Whereas the presence or absence of depression can be measured on a clinical, APA-approved scale, things like “betterment” and “self-improvement” in healthy people are subjective experiences that are hard to quantify. Wellness in this country is still measured against an absence of disorder rather than markers of self-actualization, and it’s not widely accepted that things like mystical experiences, creativity, and a sense of purpose are necessary for overall well-being. “It’s new territory for us as people measuring psychological effects, and it’s a challenge,” says Harriet de Wit, PhD, founder of the Human Behavioral Pharmacology Laboratory at the University of Chicago.

De Wit recently ran an LSD microdosing study with healthy volunteers. She said the participants didn’t show any improvements in mood, but they did report small boosts in feelings of “oneness,” “awe,” and “connection to a higher power.” While hard to measure, there’s mounting evidence to suggest these things can improve mental health and overall happiness — and that they may be needed now more than ever. Western societies are on the brink of a loneliness epidemic, which some experts blame for the rise of suicide, and the United States does seem to be sliding further into a mass existential crisis caused by a sense of meaninglessness. This type of “garden-variety unhappiness,” as Pollan puts it, is hard to treat. Those advocating for the use of psychedelics for healthy people believe a consciousness-expanding trip could help.

Brad Burge, a spokesman for the Multidisciplinary Association for Psychedelic Studies (MAPS), says that the organization believes that the mind-expanding benefits of psychedelics could “facilitate more holistic understandings of the world, and greater compassion for ourselves and for others.”

There’s another open question circling the use of psychedelics: their safety. Scientists still don’t have enough research to prove that these drugs are devoid of negative short- and long-term effects.

This concern has launched a separate line of research into psychedelics for healthy people — one specifically focused on examining safety. Though de Wit’s study used healthy volunteers, one main purpose of the research was to examine the potential risks involved in microdosing LSD as a treatment for depression. (No adverse risks were found). According to Brad Burge, the Beckley Foundation, a psychedelic research and policy organization, is also currently running a safety study to see if there are any potential negative side effects of microdosing LSD (though the researchers will also take measurements around creativity).

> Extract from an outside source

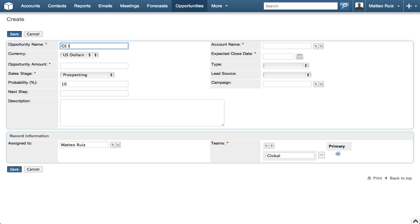In this case, we are going to create an opportunity using GE Energy initial deal for the opportunity name and GE Energy as the account name.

Knowing the risks associated with these drugs is a critical first step to considering a future where healthy people take psychedelics in the name of self-improvement. But it’s also foundational to psychedelics’ potential as a clinical intervention.

Researchers are taking a top-down approach to advocating for the use of psychedelics: first proving the drugs’ efficacy as a treatment for mental illness, then showing that their ability to push the human mind to new realms of understanding could be beneficial to all.

“Our long-term mission is to see these substances used in any setting by humans in which they can be used safely and effectively for any purpose,” says Burge. “But in order to do that, we need to work carefully and methodically to follow all the rules and regulations. That’s how we’re going to achieve the goal.”